Supplied entries —
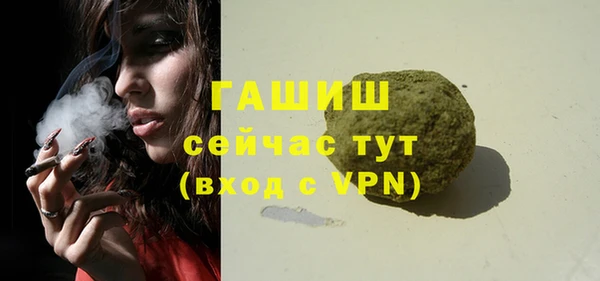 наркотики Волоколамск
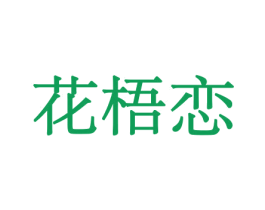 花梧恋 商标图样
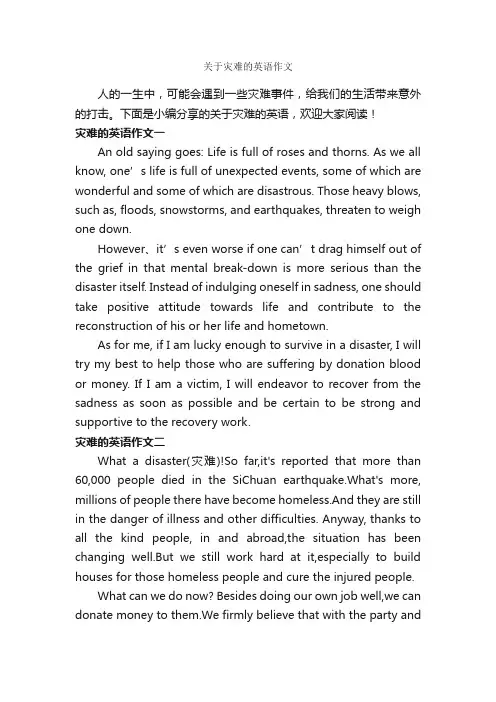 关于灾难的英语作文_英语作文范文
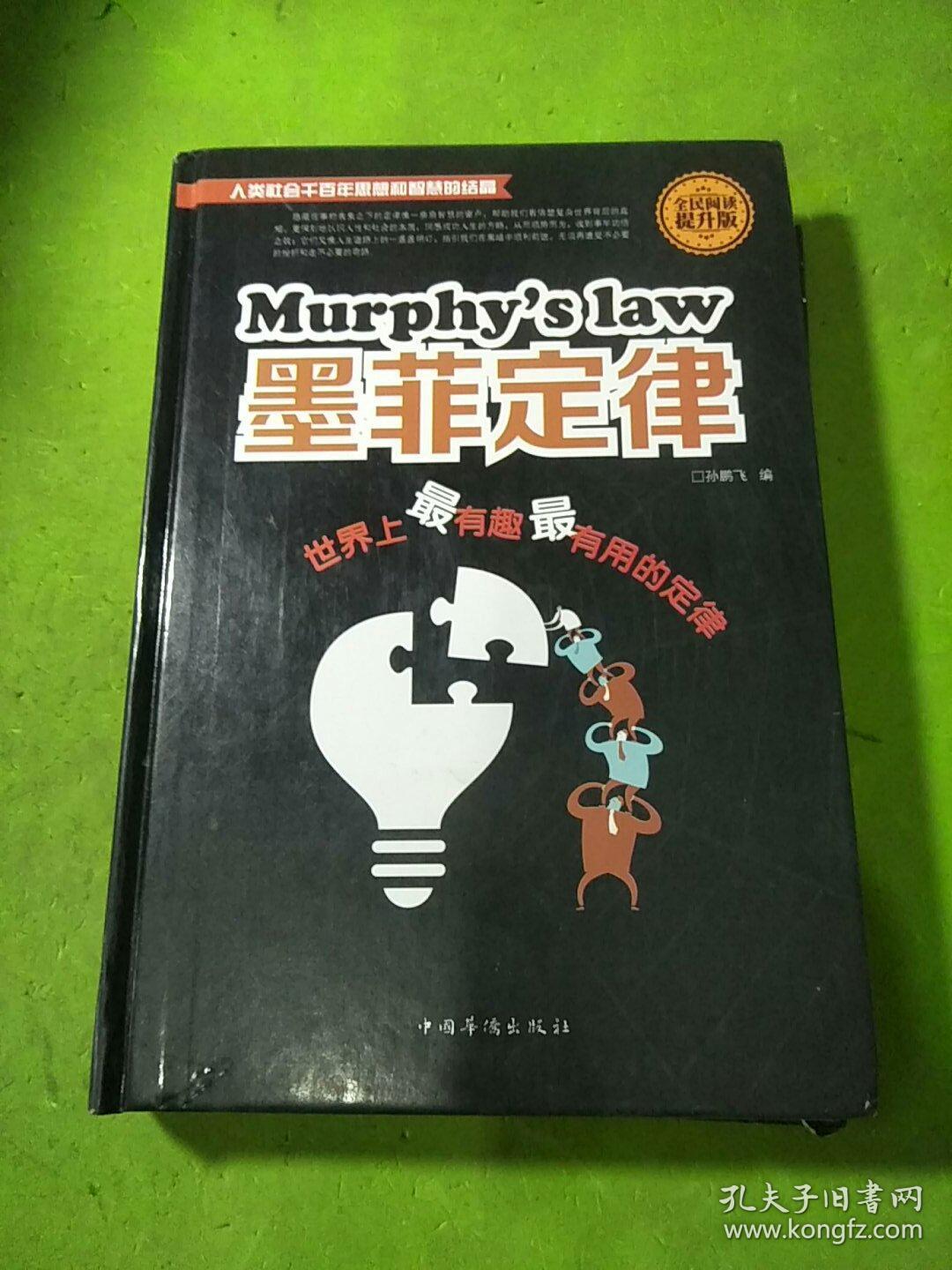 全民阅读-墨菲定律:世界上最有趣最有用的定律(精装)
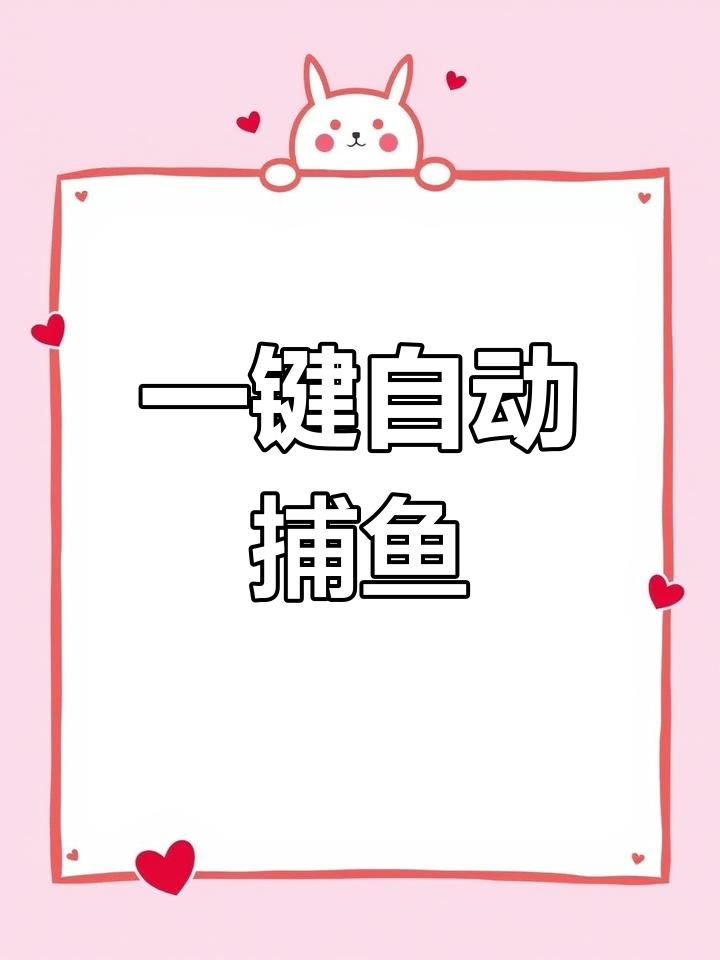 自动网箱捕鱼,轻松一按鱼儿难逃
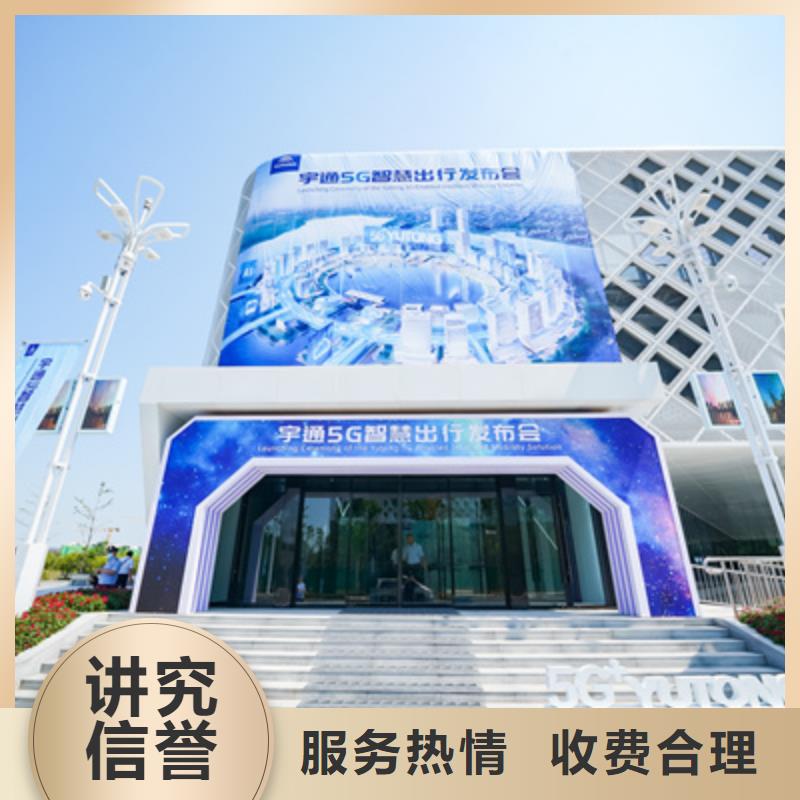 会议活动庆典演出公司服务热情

Exercise objective — Write the listing again exactly, duplicating every line and skipping the pictures.

Solution to the exercise —
 наркотики Волоколамск
 花梧恋 商标图样
 关于灾难的英语作文_英语作文范文
 全民阅读-墨菲定律:世界上最有趣最有用的定律(精装)
 自动网箱捕鱼,轻松一按鱼儿难逃
 会议活动庆典演出公司服务热情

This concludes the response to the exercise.